I preached at one church that was segregated based on economics and looks. It was the most segregated church I’ve ever preached in. If you were well-to-do and paid attention to all the latest fashions (and wore them), you were accepted. If not, you were on the outside looking in.

In the church of our Lord, it ought not to be so! James 2:1-9. Do justly. Go out of your way this week to treat everyone with kindness and respect.

Two: We love mercy.

That is, we forgive those who have wronged us. Forgiveness is the way of Jesus. Matthew 6:14-15. “Whenever you stand praying, if you have anything against anyone, forgive him, that your Father in heaven may also forgive you your trespasses” (Mk 11:25).

This week, work on forgiving someone who has wronged you–maybe your spouse, maybe a coworker, maybe a parent, or an in-law. I want you to replay in your mind that wrong you’re carrying, but I want you to try to see things from the other person’s perspective. It might be that person had a good reason for the word or action, or, at least, believes that s/he does. It might be that the perceived wrong was inadvertent, and the other person doesn’t even know s/he has wronged you.

I want you to spend serious time praying for that other person–Pray that God will richly bless him/her; it’s so hard to remain angry at someone when you’re praying for God’s richest blessings upon him/her.

Get your frustration out. Write a letter to that person that you never intend to mail. Put all your frustration and anger into that letter. Then, throw it away. Imagine the person is sitting in the chair next to you, and have it out with him/her. Get rid of the acid of unforgiveness.

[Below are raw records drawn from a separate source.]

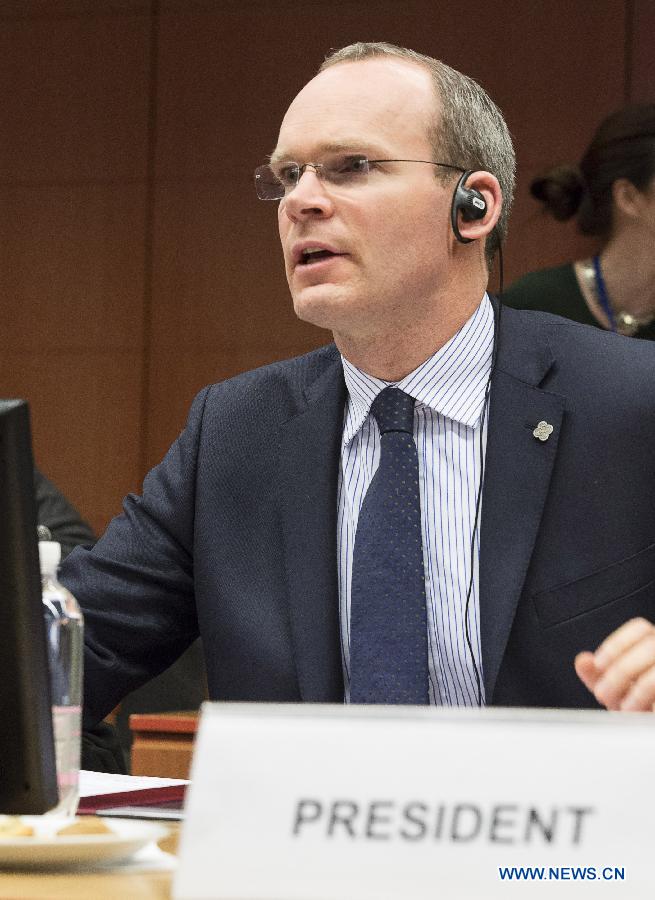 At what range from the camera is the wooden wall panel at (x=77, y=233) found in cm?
449

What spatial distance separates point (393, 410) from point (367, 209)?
0.24 meters

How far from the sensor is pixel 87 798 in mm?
1076

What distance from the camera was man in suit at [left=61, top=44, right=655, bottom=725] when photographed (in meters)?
1.45

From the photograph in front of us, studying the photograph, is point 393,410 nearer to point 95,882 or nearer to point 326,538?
point 326,538

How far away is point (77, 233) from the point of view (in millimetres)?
4562

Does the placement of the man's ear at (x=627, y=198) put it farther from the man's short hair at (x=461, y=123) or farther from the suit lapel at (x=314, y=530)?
the suit lapel at (x=314, y=530)

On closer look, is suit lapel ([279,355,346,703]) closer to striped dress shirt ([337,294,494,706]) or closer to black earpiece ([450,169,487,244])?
striped dress shirt ([337,294,494,706])

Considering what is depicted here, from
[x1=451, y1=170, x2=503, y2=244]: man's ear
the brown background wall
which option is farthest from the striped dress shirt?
the brown background wall

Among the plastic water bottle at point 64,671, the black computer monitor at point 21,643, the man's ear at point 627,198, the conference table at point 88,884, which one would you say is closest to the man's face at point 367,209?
the plastic water bottle at point 64,671

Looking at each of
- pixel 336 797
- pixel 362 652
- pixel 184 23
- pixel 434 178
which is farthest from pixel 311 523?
pixel 184 23

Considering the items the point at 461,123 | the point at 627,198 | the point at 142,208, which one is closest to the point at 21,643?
the point at 461,123

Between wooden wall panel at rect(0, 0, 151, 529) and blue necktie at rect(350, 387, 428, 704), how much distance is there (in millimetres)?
3117

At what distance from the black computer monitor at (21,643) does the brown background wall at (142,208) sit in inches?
137

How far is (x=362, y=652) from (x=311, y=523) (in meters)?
0.18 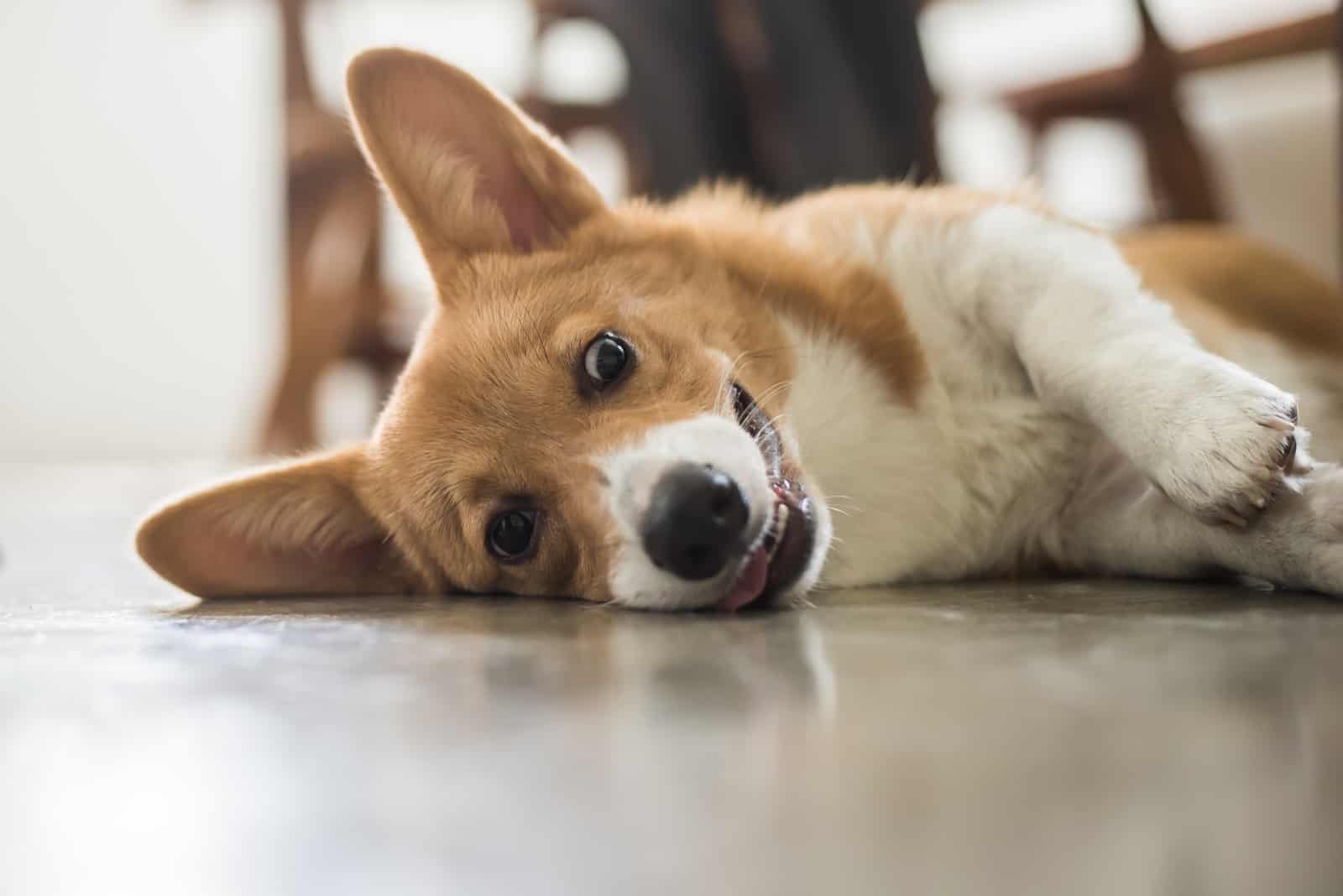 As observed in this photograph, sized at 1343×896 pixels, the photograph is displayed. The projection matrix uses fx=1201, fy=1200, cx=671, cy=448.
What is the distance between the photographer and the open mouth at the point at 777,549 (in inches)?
56.8

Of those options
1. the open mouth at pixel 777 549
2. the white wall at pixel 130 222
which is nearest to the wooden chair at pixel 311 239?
the white wall at pixel 130 222

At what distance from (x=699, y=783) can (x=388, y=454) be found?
1.13 metres

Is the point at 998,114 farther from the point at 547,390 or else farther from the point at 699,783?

Three: We walk humbly with our God.

Walking humbly with God is a big process that involves drawing closer to Him while we understand who we are and Who He is.

I don’t believe there’s a better way for that to happen than in prayer. Think about something you really feel you need in life, and spend serious time praying about it each day this week. Don’t be trivial or disrespectful to God. Instead, focus on something you really believe you need in life–health, better relationship with family, a new job, etc.

After that, pray the difficult thing Jesus prayed in the Garden. “O My Father, if it is possible, let this cup pass from Me; nevertheless, not as I will, but as You will” (Matt 26:39). That prayer understands that God’s will is perfect, that God knows far better than you ever will, and that God’s way is best.

Will you join me in praying that God’s will be done in our lives? Will you join me in allowing God to be the Lord of our lives? Do you need to come and make Him your Lord this morning?

This sermon was originally preached by Dr. Justin Imel, Sr., at the Dale Ridge church of Christ in Roanoke, Virginia.